▶ **What this task involves**
Keep the images out and copy every entry below exactly.

Image-caption web data:

-- Opening Marker --

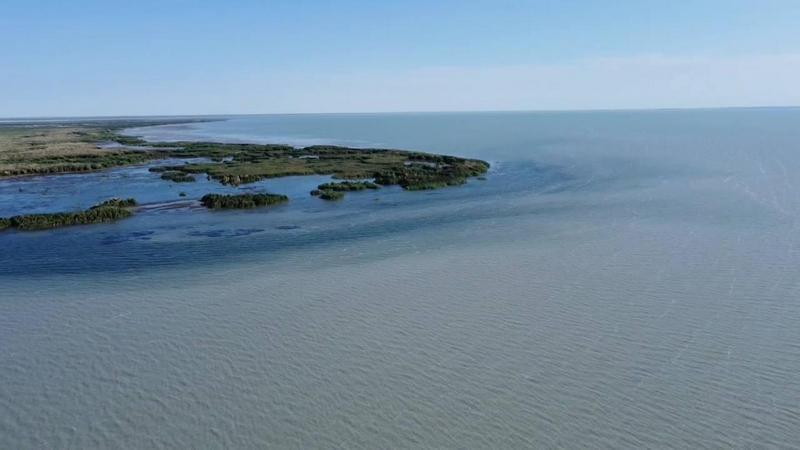 Балқаш көлінде балық қорының жай-күйі зерттелуде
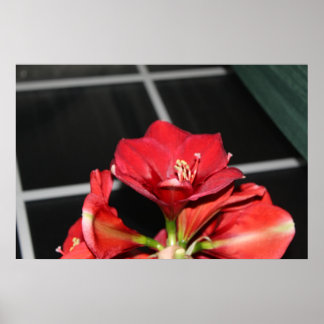 Amaryllis, Weihnachts-Blume, Fensterscheibe, rot, Poster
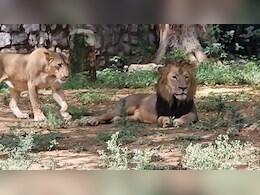CDV का खतरा: ग्वालियर जू में शावक आइसोलेट, बाघ-शेर पर 24 घंटे निगरानी; कान्हा में बाघों की मौत के बाद अलर्ट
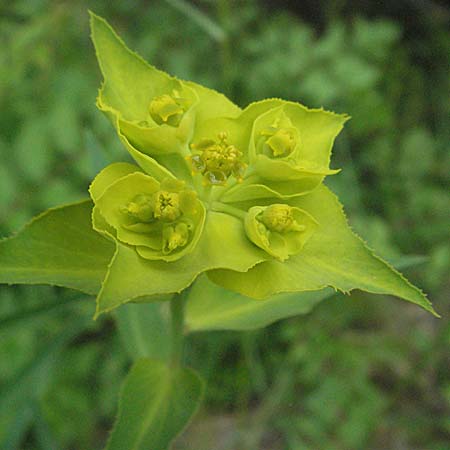Euphorbia serrata \ Ges&auml;gte Wolfsmilch / Serrate Spurge, F Corbi&egrave;res,  Talairan 13.5.2007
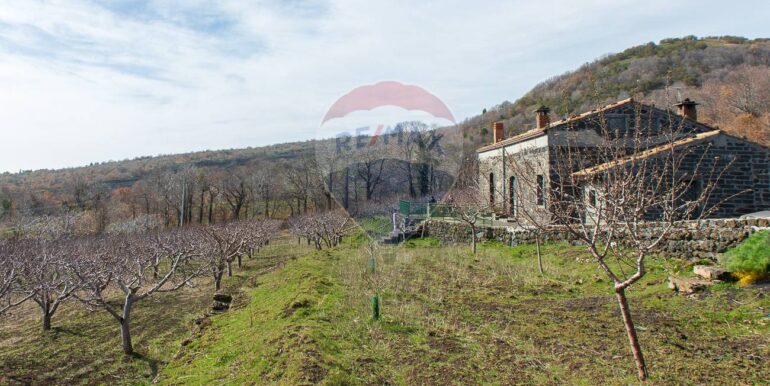 20250319124325-937498-8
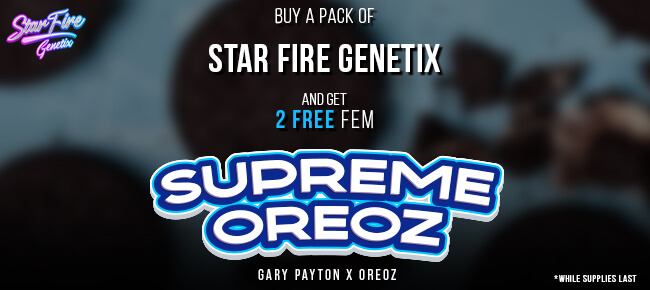 StarFire Genetix - Buy Any Pack - Get 2 FEM Supreme Oreoz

-- Closing Marker --

▶ **Answer space**
 Балқаш көлінде балық қорының жай-күйі зерттелуде
 Amaryllis, Weihnachts-Blume, Fensterscheibe, rot, Poster
CDV का खतरा: ग्वालियर जू में शावक आइसोलेट, बाघ-शेर पर 24 घंटे निगरानी; कान्हा में बाघों की मौत के बाद अलर्ट
Euphorbia serrata \ Ges&auml;gte Wolfsmilch / Serrate Spurge, F Corbi&egrave;res,  Talairan 13.5.2007
 20250319124325-937498-8
 StarFire Genetix - Buy Any Pack - Get 2 FEM Supreme Oreoz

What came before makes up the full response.